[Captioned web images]
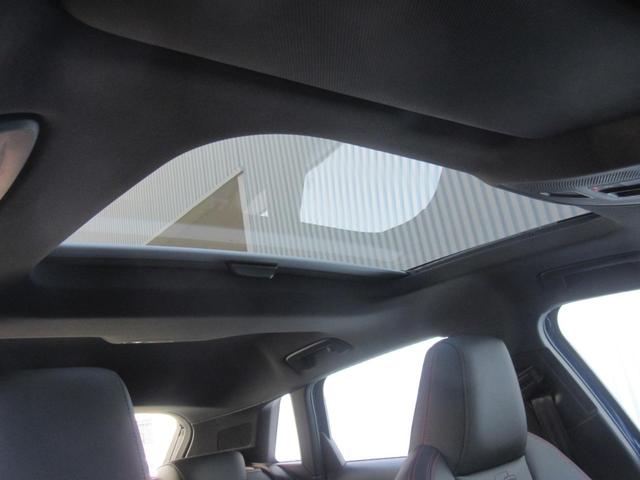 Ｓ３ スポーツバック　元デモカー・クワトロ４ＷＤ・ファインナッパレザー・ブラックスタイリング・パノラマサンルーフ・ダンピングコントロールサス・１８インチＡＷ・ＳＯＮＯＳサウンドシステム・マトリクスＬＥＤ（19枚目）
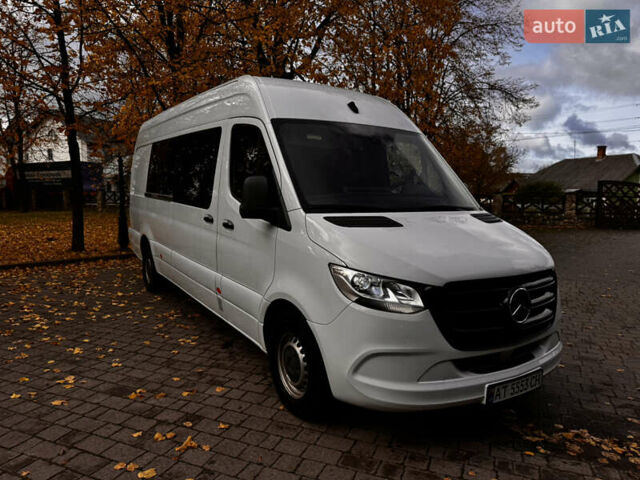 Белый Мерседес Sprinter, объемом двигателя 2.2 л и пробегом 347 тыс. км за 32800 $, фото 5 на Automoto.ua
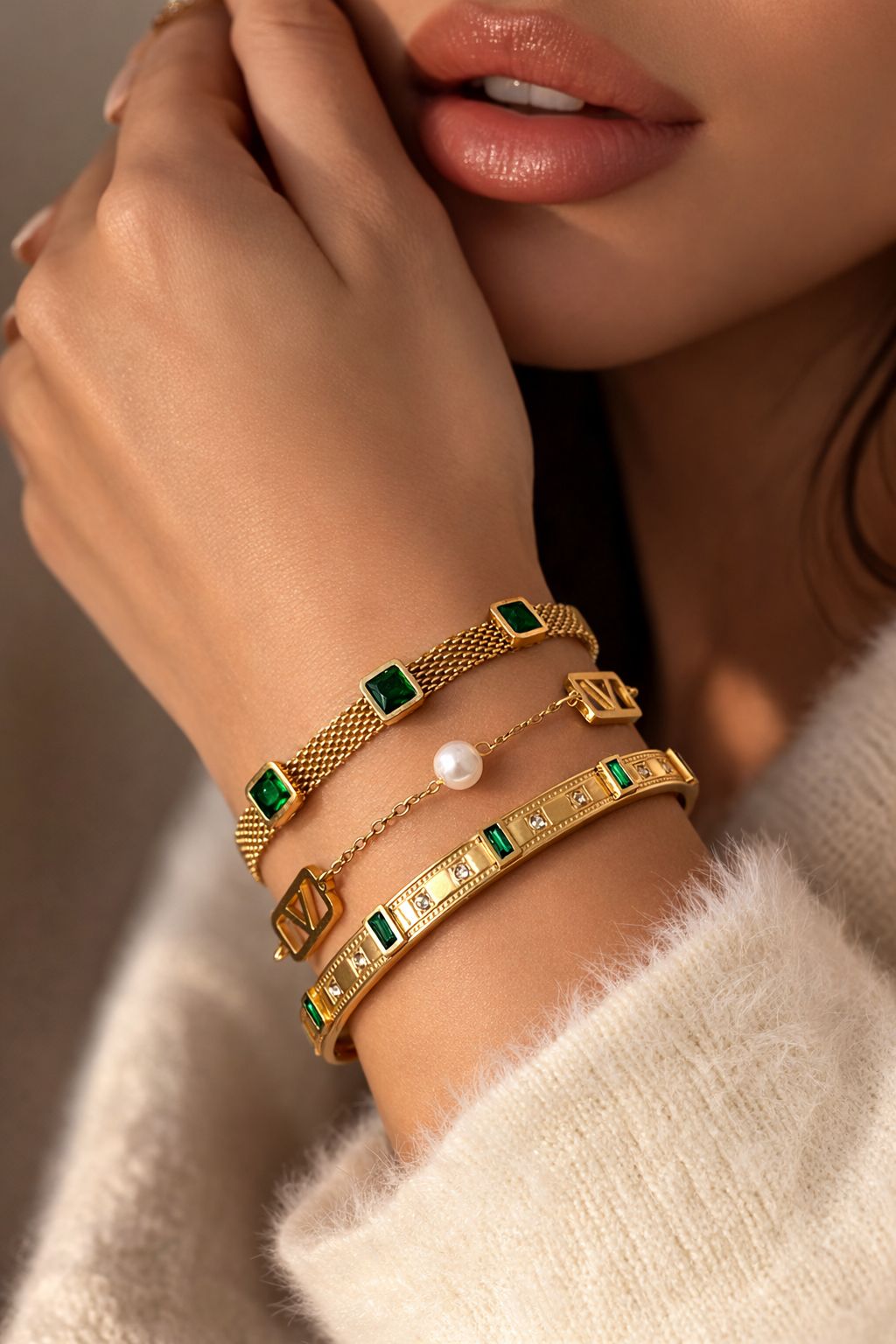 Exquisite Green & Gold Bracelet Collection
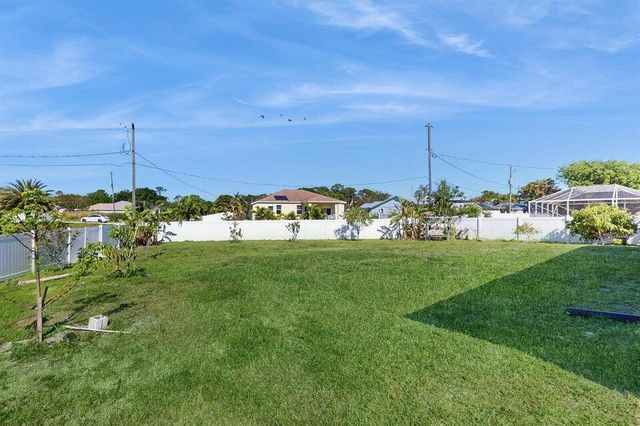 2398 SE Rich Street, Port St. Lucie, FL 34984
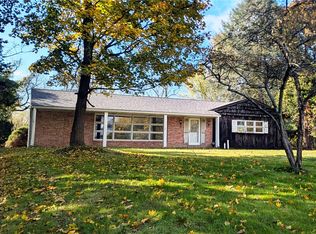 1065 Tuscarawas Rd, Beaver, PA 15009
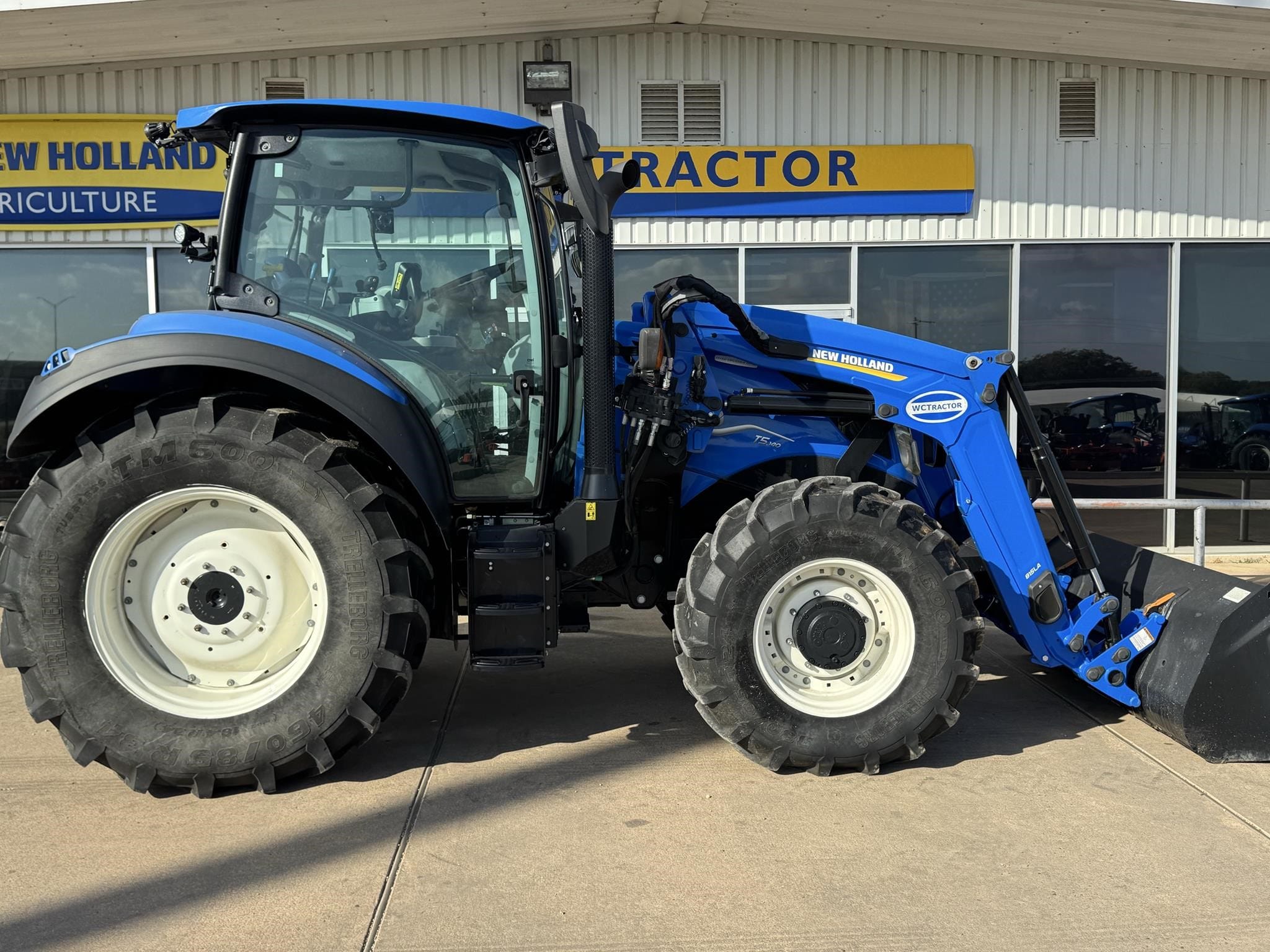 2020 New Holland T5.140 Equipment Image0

- **Work order**:
With the pictures left out, write out exactly the lines from the line containing "2398 SE Rich" through the last line of the entries above, both ends included, and no others.

- **Written solution**:
 2398 SE Rich Street, Port St. Lucie, FL 34984
 1065 Tuscarawas Rd, Beaver, PA 15009
 2020 New Holland T5.140 Equipment Image0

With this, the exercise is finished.